━━━ THE DATA ━━━

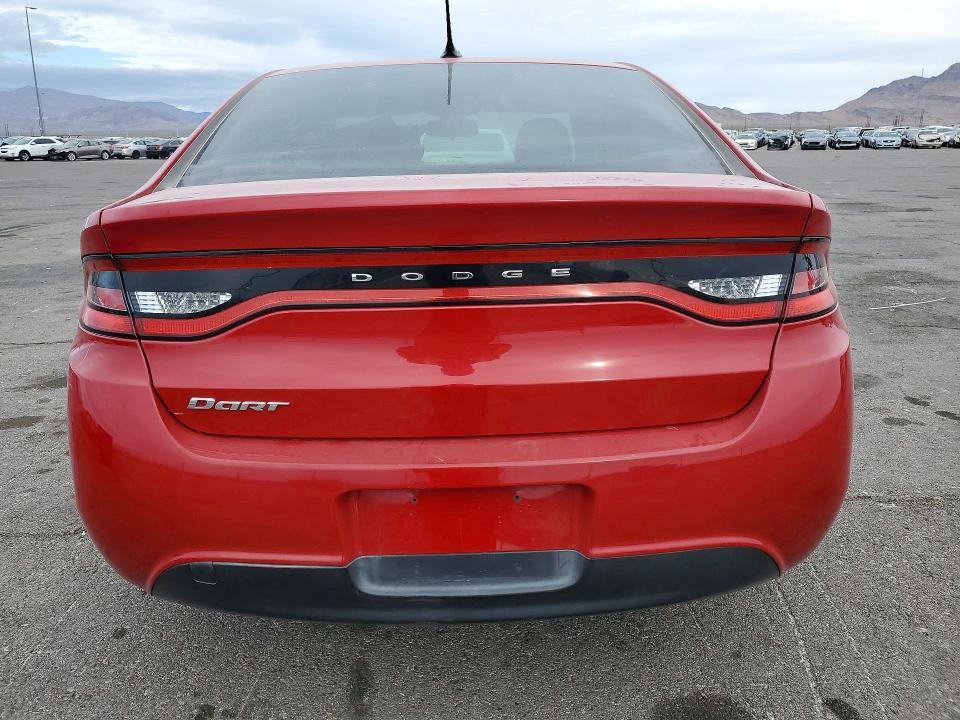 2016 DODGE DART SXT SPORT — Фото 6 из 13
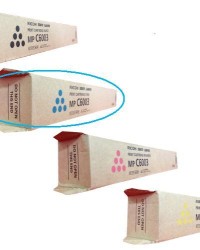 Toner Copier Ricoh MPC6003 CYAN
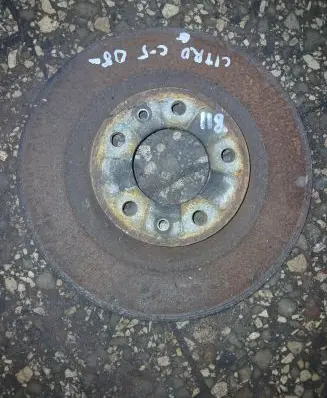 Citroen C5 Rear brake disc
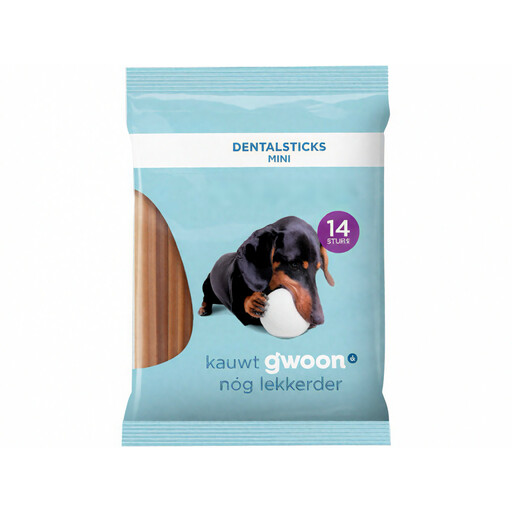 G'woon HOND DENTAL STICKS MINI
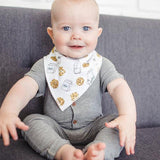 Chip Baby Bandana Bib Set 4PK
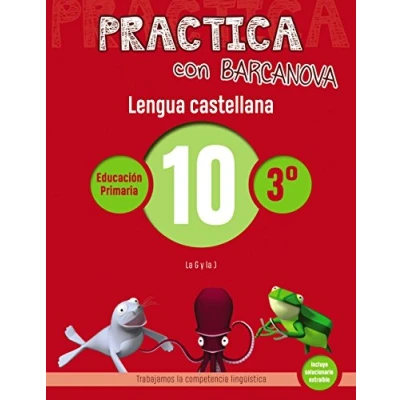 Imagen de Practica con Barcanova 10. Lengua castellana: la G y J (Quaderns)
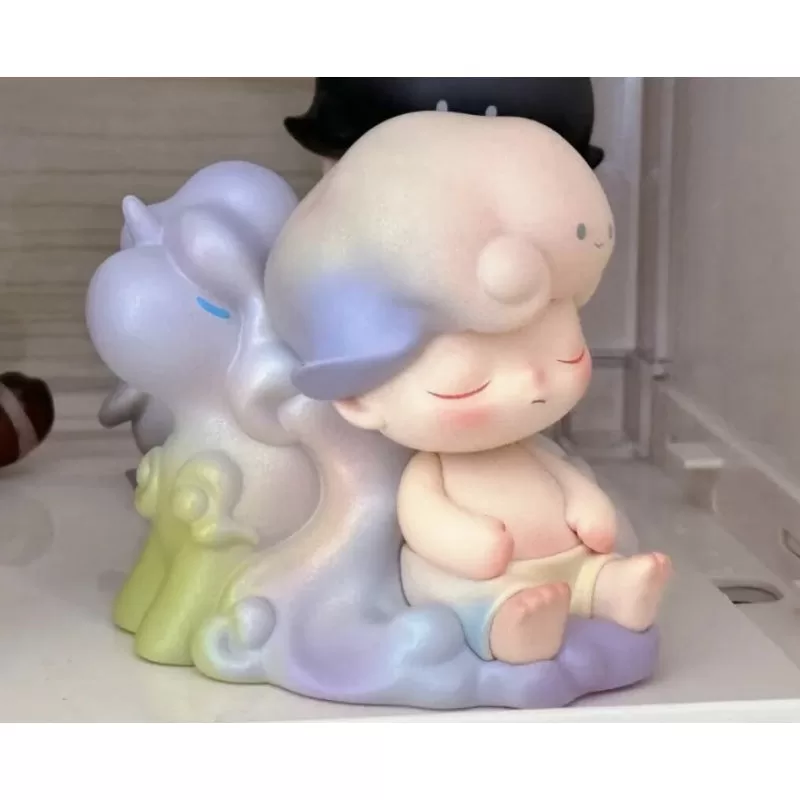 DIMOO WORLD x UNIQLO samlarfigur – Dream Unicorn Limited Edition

━━━

*ACTION ITEM:*
The entries above are to be returned exactly, without their pictures.

*ANSWER BOX:*
 2016 DODGE DART SXT SPORT — Фото 6 из 13
 Toner Copier Ricoh MPC6003 CYAN
 Citroen C5 Rear brake disc
 G'woon HOND DENTAL STICKS MINI
 Chip Baby Bandana Bib Set 4PK
 Imagen de Practica con Barcanova 10. Lengua castellana: la G y J (Quaderns)
 DIMOO WORLD x UNIQLO samlarfigur – Dream Unicorn Limited Edition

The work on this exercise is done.